According to the mayor’s office, animal shelters will be closed, and there will probably be fewer traffic officers out giving parking tickets.

Union leaders say dozens of locations across the city — Los Angeles International Airport, the Port of Los Angeles and City Hall, to name a few — will feel some effects as union members walk off the job over what they say are unfair labor practices by the city.

The one-day walkout, staged by SEIU Local 721, is expected to trigger the closure of animal shelters and at least some swimming pools and delay trash pickup until later in the week.

Aug. 8, 2023

Here’s what you should know to prepare to navigate the city Tuesday:

My trash is supposed to be picked up Tuesday. What should I expect?

Your trash will be collected Wednesday instead. With hundreds of trash collectors expected on the picket lines Tuesday, the city will push trash day one day back for everyone, as it does on holidays. Friday collections will take place on Saturday.

The collection schedule will return to normal by Monday, Aug. 14.

What if I want to swim at a pool?

SEIU said it expects about 300 of the lifeguards working at the dozens of swimming pools across the city to strike, meaning potential pool closures and canceled classes. As of Monday afternoon, the city’s Department of Recreation and Parks was still figuring out what that means for pool operations and whether it will be able to keep pools open without union lifeguards. You can check the city’s daily pool report on the Department of Recreation and Parks website for real-time updates before heading out to swim.

Will LAX be a mess?

Just make sure you leave extra time to get to and from the airport. Hundreds of employees at LAX — including custodians and shuttle drivers — are expected to be on the picket lines. Dae Levine, a spokesperson for Los Angeles World Airports, said LAX is working to ensure “operations will continue as close to normal as possible,” but recommended passengers arrive a little earlier than they normally would.
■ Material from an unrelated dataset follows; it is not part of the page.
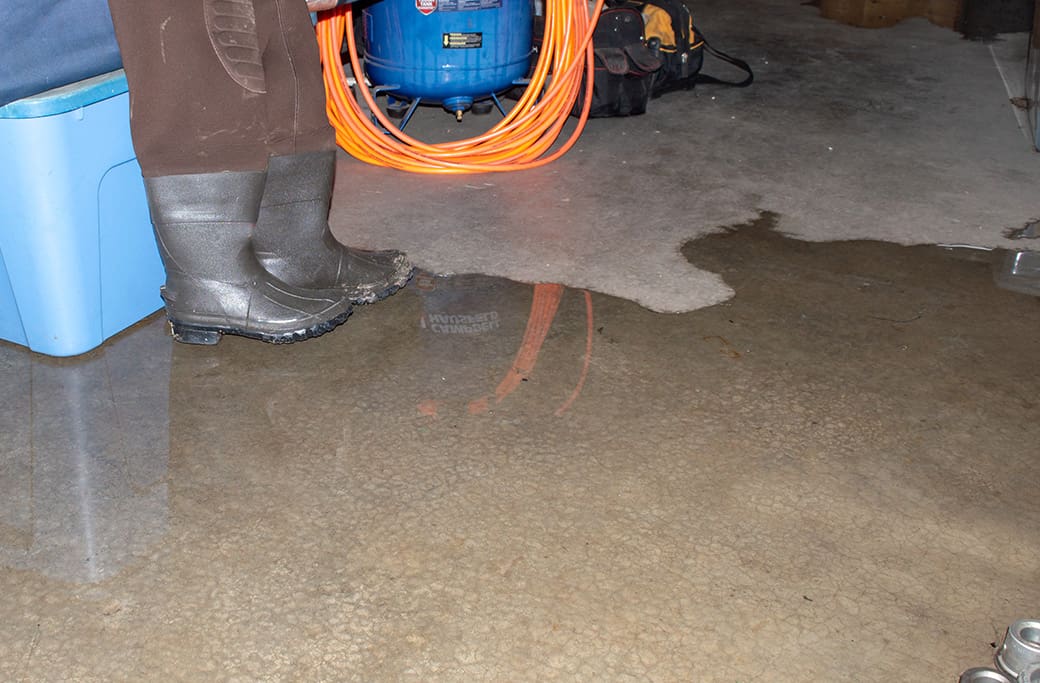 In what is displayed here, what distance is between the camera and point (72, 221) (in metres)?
1.77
Airport security will be staffed as normal, though. SEIU has given a “line pass” — explicit permission to cross the picket line — to the security workers at LAX. The union has also given a line pass to detention officers, so the jails operated by the Los Angeles Police Department will be staffed as normal.


In the first major walkout by Los Angeles city government workers in decades, thousands walked off the job Tuesday.

Aug. 8, 2023

What services won’t be touched by the strike?

The mayor’s office said it expects homeless and housing services run by the city to continue operating as usual Tuesday. However, homeless encampment cleanings scheduled for the day of the strike are now expected to take place Saturday.

Libraries, preschools and day-care facilities operated by the city are expected to be open as usual. Police and fire services are also unlikely to be affected; firefighters and police are banned from striking.

Anything else I should look out for?

The Port of Los Angeles and the city’s Department of Transportation both have hundreds of SEIU members, so expect some disruption there. A spokesperson for the port, which has 300 employees represented by SEIU, says it will continue operating despite the strike. More than 500 traffic officers in charge of parking enforcement and directing traffic at concerts and other events are also expected to be off the job Tuesday.

More service disruptions could crop up if other city unions join the thousands of SEIU workers at the picket lines Tuesday as union leadership has urged them to do.

“We do expect folks to be out on lines with us,” SEIU spokesperson Mike Long said.

AFSCME, which represents roughly 10,000 employees in nearly every city department, said in a statement it supports SEIU’s strike and has notified members of “their right to honor SEIU’s picket line.”